Da Torino: indietro nel futuro, Back To The Future si conferma la sezione più innovativa della fiera

 

di


Come volevasi dimostrare mantenuta, e alla grande,
la promessa di Back to the future, la sezione che Artissima quest’anno dedica
ad una sorta di riscoperta di autori, italiani ed internazionali, che per
motivi anagrafici e di vicende di mercato sono stati trascurati a critica e
mercato.

Tra un impeccabile Nanni Balestrini ed un immancabile Dadamaino, tra un
Baruchello, un Pettena e un Paolo Icaro gli stand color tortora della sezione
si confermano come la maggiore novità della fiera. Come la più chiara e lucida
scelta “politica” del neodirettore Francesco Manacorda.
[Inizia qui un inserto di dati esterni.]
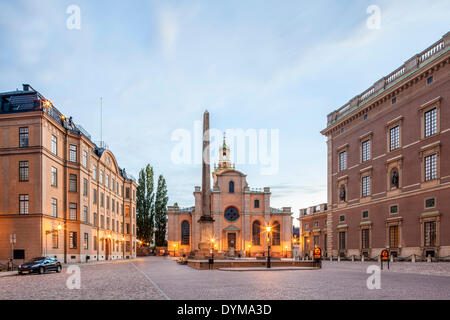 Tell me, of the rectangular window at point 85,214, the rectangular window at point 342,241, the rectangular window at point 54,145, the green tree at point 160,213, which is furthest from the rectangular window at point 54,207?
the green tree at point 160,213

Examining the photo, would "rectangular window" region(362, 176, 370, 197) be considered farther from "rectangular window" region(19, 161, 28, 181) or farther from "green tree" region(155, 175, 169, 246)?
"green tree" region(155, 175, 169, 246)

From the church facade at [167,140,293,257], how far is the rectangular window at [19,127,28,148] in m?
48.7

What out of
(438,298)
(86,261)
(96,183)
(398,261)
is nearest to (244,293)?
(438,298)

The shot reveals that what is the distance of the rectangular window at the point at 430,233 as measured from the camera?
32800mm

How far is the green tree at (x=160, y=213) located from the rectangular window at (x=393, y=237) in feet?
190

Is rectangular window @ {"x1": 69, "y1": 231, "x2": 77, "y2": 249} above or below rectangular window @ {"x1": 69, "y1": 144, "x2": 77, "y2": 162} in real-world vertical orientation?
below

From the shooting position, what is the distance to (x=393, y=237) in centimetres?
3806

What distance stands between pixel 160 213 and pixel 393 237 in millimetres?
58365

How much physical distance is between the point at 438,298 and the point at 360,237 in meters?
31.8

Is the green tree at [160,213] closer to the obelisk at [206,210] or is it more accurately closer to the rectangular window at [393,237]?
the obelisk at [206,210]

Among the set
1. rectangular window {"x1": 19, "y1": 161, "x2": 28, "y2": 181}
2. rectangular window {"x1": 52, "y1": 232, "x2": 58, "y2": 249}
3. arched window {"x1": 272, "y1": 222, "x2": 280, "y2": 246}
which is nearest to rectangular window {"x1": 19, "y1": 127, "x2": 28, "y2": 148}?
rectangular window {"x1": 19, "y1": 161, "x2": 28, "y2": 181}

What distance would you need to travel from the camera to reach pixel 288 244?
280 feet

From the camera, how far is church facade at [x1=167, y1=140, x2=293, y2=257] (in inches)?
3324

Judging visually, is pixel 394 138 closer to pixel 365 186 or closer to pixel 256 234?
pixel 365 186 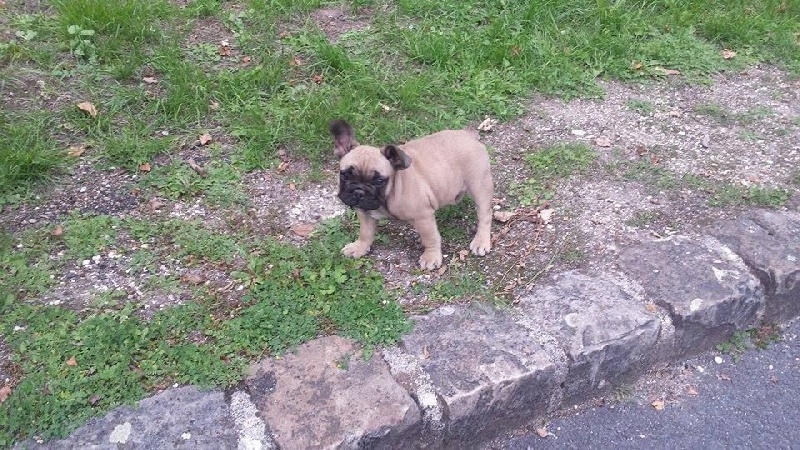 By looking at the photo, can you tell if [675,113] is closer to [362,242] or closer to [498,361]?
[362,242]

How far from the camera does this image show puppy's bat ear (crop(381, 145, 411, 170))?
379 centimetres

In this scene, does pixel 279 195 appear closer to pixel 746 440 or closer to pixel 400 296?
pixel 400 296

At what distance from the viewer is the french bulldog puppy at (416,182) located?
12.6 feet

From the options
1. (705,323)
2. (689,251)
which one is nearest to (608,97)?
(689,251)

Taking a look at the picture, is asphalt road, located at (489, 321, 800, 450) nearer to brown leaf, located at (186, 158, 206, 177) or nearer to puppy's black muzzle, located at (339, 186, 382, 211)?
puppy's black muzzle, located at (339, 186, 382, 211)

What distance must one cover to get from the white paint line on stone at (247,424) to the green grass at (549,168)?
2393 mm

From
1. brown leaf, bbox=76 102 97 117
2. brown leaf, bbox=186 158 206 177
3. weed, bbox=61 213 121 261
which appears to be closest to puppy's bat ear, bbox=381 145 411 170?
brown leaf, bbox=186 158 206 177

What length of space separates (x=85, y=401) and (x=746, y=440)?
337 centimetres

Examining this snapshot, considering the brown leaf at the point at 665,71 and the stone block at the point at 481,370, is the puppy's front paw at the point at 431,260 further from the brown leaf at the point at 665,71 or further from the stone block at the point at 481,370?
the brown leaf at the point at 665,71

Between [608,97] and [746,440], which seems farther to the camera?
[608,97]

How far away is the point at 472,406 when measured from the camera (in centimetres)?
348

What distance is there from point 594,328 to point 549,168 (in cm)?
167

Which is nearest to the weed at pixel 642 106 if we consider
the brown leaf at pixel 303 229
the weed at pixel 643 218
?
the weed at pixel 643 218

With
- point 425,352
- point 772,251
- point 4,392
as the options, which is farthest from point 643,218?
point 4,392
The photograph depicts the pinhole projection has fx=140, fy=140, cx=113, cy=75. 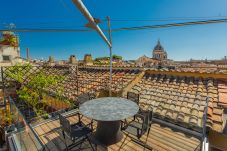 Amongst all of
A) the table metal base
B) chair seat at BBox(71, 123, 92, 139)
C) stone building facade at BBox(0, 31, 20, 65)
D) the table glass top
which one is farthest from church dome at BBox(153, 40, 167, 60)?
chair seat at BBox(71, 123, 92, 139)

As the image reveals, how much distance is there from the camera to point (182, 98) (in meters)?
5.07

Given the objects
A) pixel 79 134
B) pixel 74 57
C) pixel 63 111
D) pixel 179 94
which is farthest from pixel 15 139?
pixel 74 57

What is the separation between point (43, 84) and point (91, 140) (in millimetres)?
2930

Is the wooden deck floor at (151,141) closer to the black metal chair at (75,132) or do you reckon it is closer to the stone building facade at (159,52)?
the black metal chair at (75,132)

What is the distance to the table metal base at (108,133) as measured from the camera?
11.3ft

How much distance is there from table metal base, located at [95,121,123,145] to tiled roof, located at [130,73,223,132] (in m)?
1.79

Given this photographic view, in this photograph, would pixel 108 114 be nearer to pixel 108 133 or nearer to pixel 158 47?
pixel 108 133

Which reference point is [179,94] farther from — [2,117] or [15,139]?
[2,117]

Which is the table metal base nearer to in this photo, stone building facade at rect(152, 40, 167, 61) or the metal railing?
the metal railing

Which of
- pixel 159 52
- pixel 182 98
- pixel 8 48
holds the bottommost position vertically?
pixel 182 98

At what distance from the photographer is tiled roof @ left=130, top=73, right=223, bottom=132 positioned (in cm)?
408

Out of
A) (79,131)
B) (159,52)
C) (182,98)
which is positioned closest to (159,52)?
(159,52)

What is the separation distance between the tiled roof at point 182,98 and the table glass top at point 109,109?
61.6 inches

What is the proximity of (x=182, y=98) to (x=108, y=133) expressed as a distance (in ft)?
10.2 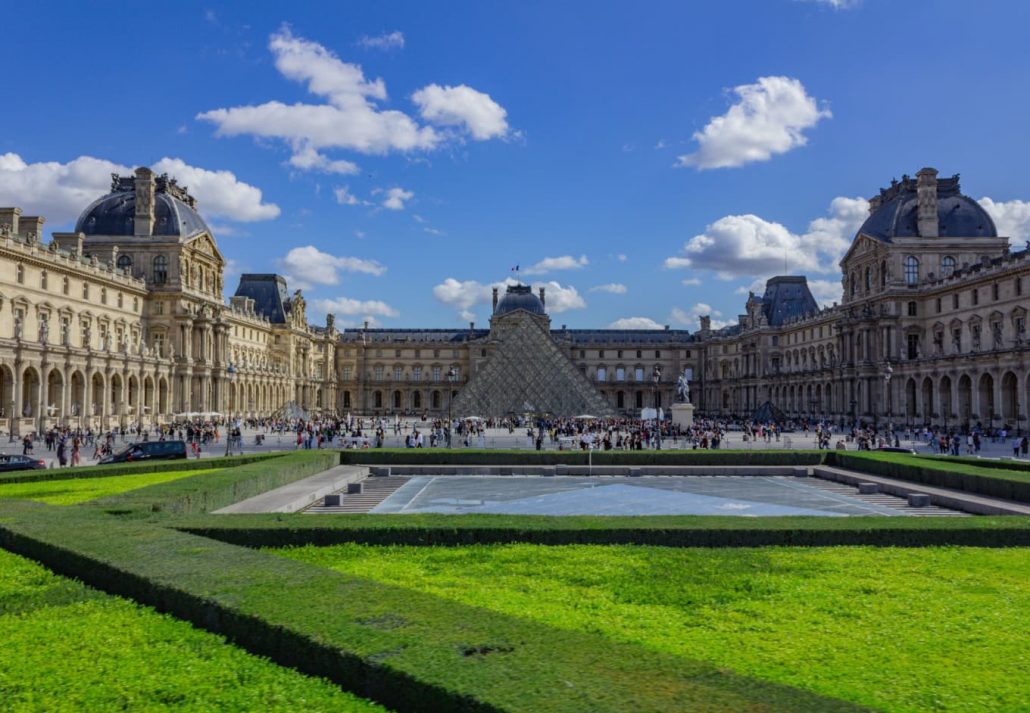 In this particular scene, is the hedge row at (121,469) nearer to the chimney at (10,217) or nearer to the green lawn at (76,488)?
the green lawn at (76,488)

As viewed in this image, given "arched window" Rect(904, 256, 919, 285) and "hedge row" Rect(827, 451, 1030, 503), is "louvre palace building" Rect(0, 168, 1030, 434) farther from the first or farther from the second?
"hedge row" Rect(827, 451, 1030, 503)

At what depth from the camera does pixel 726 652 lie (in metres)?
6.59

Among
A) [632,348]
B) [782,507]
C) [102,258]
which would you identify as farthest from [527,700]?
[632,348]

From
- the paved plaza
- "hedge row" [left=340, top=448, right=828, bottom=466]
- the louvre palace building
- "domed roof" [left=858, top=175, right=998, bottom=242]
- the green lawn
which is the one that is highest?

Dopo lustri di inutile
giovanilismo a tutti i costi Artissima pare voler dire che occorre fermarsi un
istante e, almeno ogni tanto, guardare ai fondamentali.

[exibart]

9 Commenti

  1. “un immancabile Dadamaino”: manca un bell’apostrofo fra l’articolo e il nome, perché trattasi di un’artista, e non di un artista..

  2. sorry Lord, ma il pezzo parla di stand, non di opere o lavori di, e ogni stand è riferito a un artista / un’artista..
    bye bye

  3. Il punto non è questo, sopportiamo bene le critiche, e siamo in gradi di prenderci le responsabilità di ogni nostro scritto. E’ solo che ci stupiamo sempre di come venga utilizzato il tempo altrui, considerando che il nostro è così sfuggente…
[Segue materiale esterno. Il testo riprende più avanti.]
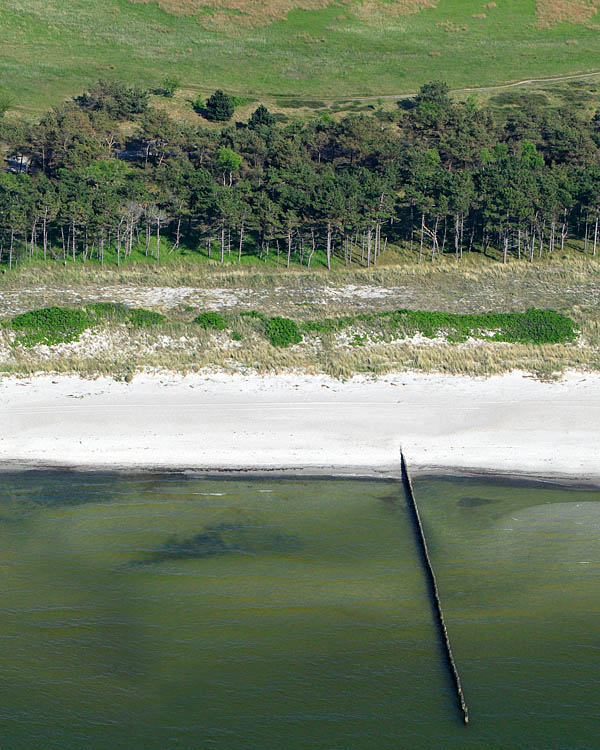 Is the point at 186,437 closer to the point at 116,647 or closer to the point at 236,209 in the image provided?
the point at 116,647

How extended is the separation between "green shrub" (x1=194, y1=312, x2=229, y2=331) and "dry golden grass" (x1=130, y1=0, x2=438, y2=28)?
112426 mm

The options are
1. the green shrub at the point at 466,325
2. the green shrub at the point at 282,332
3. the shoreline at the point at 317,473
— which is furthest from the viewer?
the green shrub at the point at 466,325

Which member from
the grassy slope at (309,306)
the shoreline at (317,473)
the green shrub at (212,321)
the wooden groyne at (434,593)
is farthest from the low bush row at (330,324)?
the wooden groyne at (434,593)

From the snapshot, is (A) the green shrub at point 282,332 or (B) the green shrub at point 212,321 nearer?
(A) the green shrub at point 282,332

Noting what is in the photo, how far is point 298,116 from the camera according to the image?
94.3 metres

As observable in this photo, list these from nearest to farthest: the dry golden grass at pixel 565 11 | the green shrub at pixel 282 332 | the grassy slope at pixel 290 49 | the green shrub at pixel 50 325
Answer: the green shrub at pixel 50 325, the green shrub at pixel 282 332, the grassy slope at pixel 290 49, the dry golden grass at pixel 565 11

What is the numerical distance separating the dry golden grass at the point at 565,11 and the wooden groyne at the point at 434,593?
464 ft

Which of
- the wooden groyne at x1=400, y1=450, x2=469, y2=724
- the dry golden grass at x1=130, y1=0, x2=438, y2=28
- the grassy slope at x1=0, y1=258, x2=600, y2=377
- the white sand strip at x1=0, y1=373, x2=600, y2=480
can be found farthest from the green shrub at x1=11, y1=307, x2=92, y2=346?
the dry golden grass at x1=130, y1=0, x2=438, y2=28

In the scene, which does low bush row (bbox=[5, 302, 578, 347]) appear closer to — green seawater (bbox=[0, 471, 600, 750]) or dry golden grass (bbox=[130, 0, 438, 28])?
green seawater (bbox=[0, 471, 600, 750])

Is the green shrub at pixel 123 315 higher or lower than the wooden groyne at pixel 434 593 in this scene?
higher

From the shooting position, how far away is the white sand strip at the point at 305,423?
23812mm

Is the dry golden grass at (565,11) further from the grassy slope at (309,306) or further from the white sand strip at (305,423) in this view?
the white sand strip at (305,423)

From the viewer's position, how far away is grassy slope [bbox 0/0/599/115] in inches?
4326

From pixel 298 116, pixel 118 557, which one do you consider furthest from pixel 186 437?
pixel 298 116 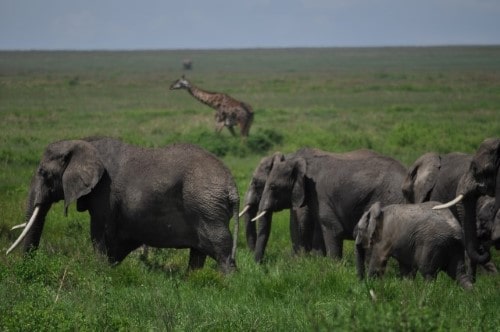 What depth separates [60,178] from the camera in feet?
37.3

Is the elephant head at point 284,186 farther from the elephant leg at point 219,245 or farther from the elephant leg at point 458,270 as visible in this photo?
the elephant leg at point 458,270

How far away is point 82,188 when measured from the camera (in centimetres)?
1105

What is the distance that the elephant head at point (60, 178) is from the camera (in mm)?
11070

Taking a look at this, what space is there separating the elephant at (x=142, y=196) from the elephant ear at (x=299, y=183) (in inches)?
73.3

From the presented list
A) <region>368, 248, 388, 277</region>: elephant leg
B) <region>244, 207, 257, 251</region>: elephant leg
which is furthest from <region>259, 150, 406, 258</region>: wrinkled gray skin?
<region>368, 248, 388, 277</region>: elephant leg

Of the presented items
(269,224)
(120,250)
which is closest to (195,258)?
(120,250)

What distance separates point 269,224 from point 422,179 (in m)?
2.13

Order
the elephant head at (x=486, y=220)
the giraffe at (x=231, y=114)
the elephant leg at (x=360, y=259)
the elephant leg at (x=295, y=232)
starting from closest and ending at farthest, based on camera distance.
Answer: the elephant leg at (x=360, y=259)
the elephant head at (x=486, y=220)
the elephant leg at (x=295, y=232)
the giraffe at (x=231, y=114)

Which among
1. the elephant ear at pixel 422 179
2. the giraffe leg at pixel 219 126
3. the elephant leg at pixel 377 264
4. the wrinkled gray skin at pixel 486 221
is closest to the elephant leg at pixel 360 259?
the elephant leg at pixel 377 264

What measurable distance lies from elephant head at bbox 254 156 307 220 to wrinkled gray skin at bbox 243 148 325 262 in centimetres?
12

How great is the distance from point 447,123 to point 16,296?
22781 mm

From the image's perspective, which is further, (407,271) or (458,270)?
(407,271)

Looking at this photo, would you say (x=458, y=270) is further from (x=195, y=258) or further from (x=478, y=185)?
(x=195, y=258)

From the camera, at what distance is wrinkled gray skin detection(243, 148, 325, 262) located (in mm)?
13094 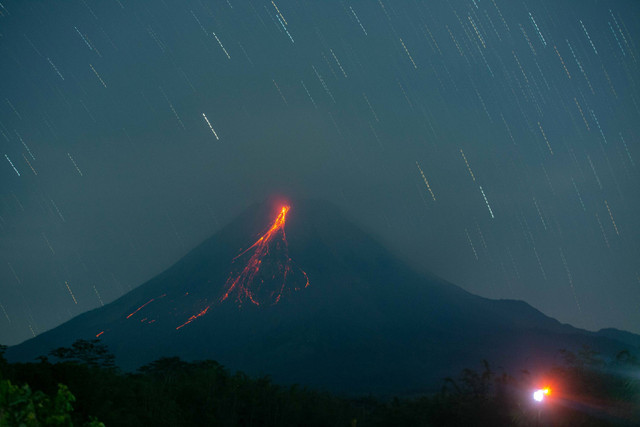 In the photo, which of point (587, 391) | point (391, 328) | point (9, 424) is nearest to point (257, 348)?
point (391, 328)

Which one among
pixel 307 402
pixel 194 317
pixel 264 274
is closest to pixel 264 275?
pixel 264 274

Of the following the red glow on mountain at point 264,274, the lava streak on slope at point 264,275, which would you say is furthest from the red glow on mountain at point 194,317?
the red glow on mountain at point 264,274

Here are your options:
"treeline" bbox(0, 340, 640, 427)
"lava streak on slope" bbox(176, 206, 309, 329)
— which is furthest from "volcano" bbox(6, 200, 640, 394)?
"treeline" bbox(0, 340, 640, 427)

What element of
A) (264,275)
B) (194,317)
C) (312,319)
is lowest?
(312,319)

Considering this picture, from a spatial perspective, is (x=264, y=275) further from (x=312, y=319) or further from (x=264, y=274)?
(x=312, y=319)

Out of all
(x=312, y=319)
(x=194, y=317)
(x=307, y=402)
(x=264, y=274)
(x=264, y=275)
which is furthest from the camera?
(x=264, y=274)

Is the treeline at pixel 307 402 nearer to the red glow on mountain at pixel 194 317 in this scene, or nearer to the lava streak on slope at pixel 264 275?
the red glow on mountain at pixel 194 317

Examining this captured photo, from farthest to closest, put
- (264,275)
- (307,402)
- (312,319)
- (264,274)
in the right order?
(264,274) < (264,275) < (312,319) < (307,402)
  4. il commento di b.r. (bel moniker, e con questo fanno tre.. tre moniker o tre redattori di exibart co-autori di quella meraviglia di ‘articolo’?) mi ricorda di quando, da bambini, si scriveva “asino chi legge”, e poi, inevitabilmente si era obbligati a leggere per essere sicuri di aver scritto bene.. bravo b.r.!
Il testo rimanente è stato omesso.